Scivolando da un «pastiche» verso un pasticcio
Un'occasione mancata. Non si può definire altrimenti la prima messa in scena italiana di un'opera di Derek Walcott, poeta e drammaturgo caraibico insignito nel '92 del Nobel per la letteratura. L'idea è venuta all'Istituto del dramma Popolare di S. Miniato che, per il consueto appuntamento estivo sulla splendida piazza del paesino vicino a Pisa, aveva scelto un testo scritto da Walcott nel '58 a soli ventotto anni, Ti-jean e i suoi fratelli, affidandone la messa in scena al musicista e regista lirico Sylvano Bussotti.

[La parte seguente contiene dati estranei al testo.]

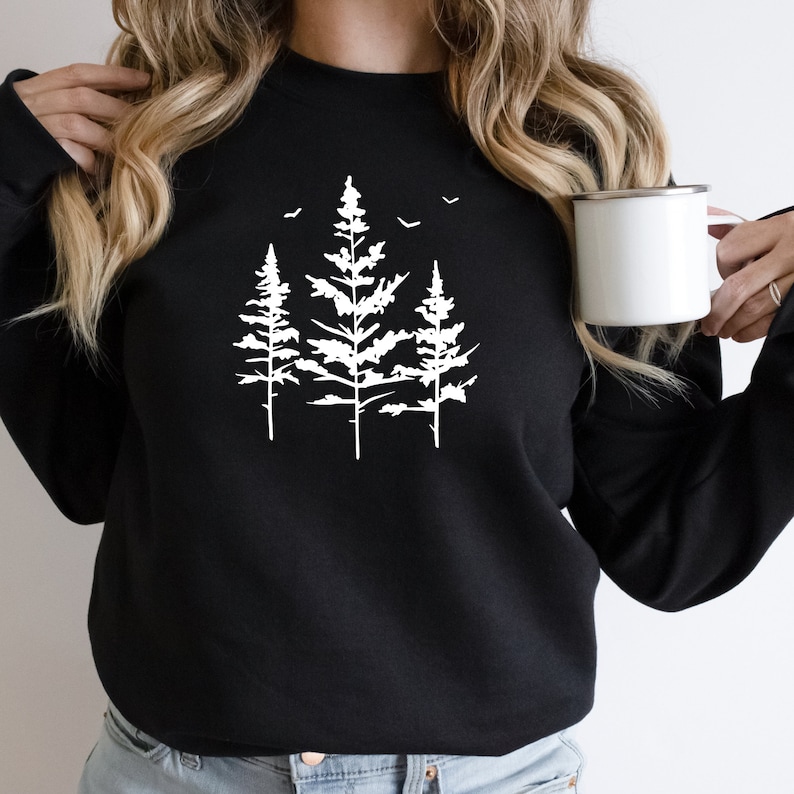 May include: Black sweatshirt featuring a white graphic of three pine trees with birds flying above them.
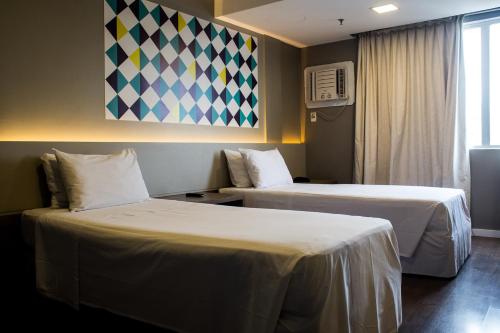 Ένα ή περισσότερα κρεβάτια σε δωμάτιο στο Master Express Cidade Baixa - Próximo à UFRGS e à Santa Casa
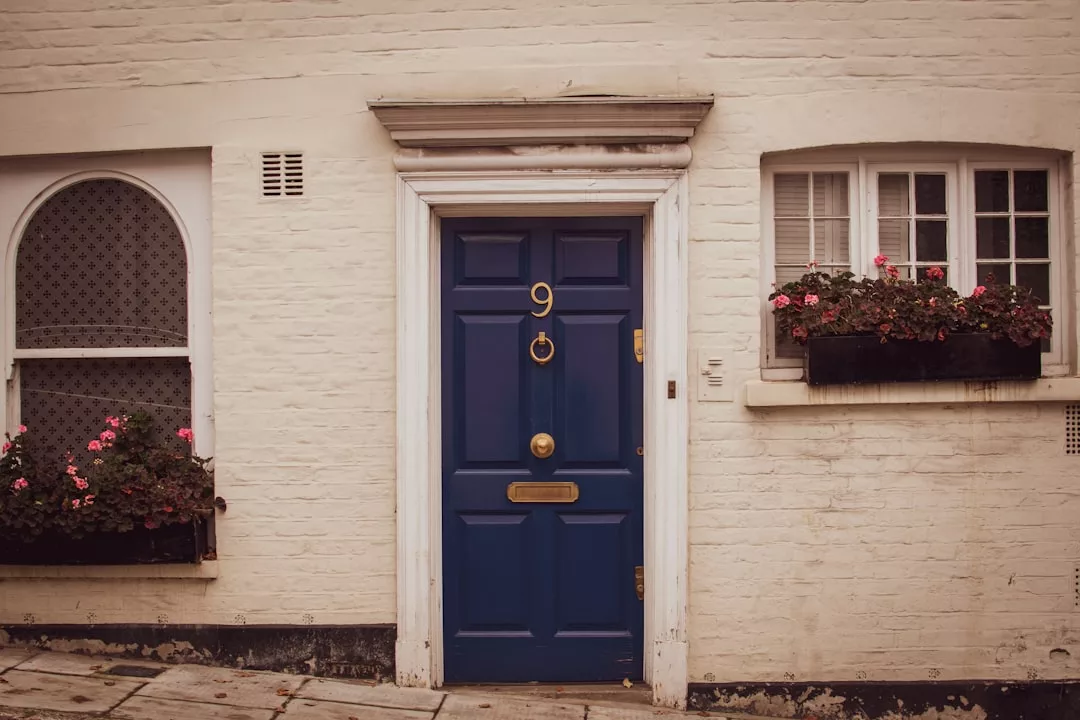Una puerta azul con el número 9 y una ranura de latón para el correo está encajada en una pared de ladrillo blanco, flanqueada por dos ventanas con jardineras negras llenas de flores rosas, que evocan el lujo y el encanto de las casas con estilo de Mallorca.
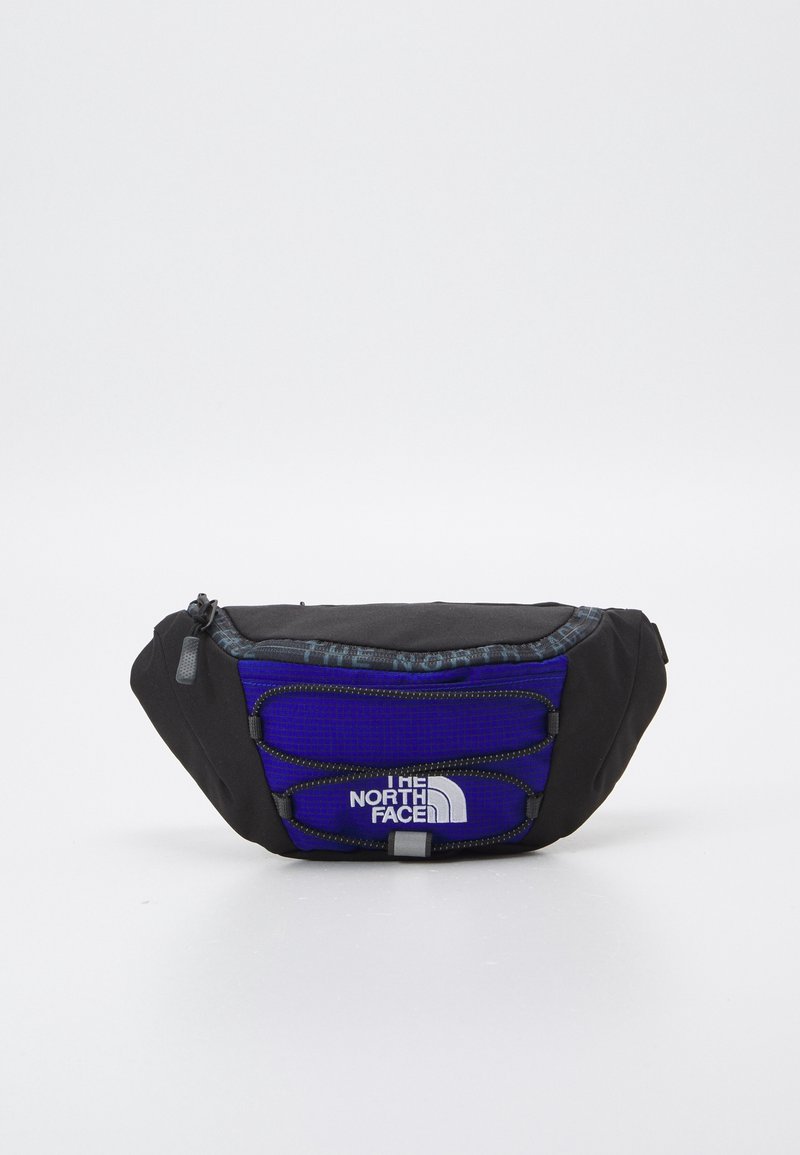 Sac banane compact noir et bleu avec fermeture éclair, cordons élastiques et logo blanc The North Face sur le panneau avant.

Ma non è facile fare i conti con la scrittura di questo autore, con quell'articolato pastiche di influenze culturali, di stratificazioni letterarie e di contaminazioni popolari, riflesse in una lingua composita che nasce dalla storia e dalla vita di quella piccola isola delle Antille dove Walcott è nato e dove convivono i segni della colonizzazione inglese e francese con la spiritualità magica e con le tradizioni delle popolazioni locali. E infatti, se la vicenda narrata deriva dallo scrittore Francesco Gerard de Nerval, in essa prende corpo la cadenza di una narrazione favolistica di semplicità popolare, colorata da forti valenze simboliche e dai segni i di antiche superstizioni. Ecco allora i tre fratelli che si battono in astuzia col diavolo; che non a caso è un coltivatore bianco, mentre intorno a loro fanno da coro una serie di animali parlanti.
Peccato che nelle mani di Bussotti il tutto si trasformi in una specie di festa caraibica che sembra invece più simile a un carnevale da liceali con balletti da varietà televisivo. E se vuol essere un gioco di citazioni, non è né divertente né originale. Gli attori trillano, squittiscono e fanno capriole, disperdendo così la forza poetica del testo. Fra questi Remo Girone e Victoria Zinny, perfettamente amalgamati all'insignificante pasticcio d'insieme.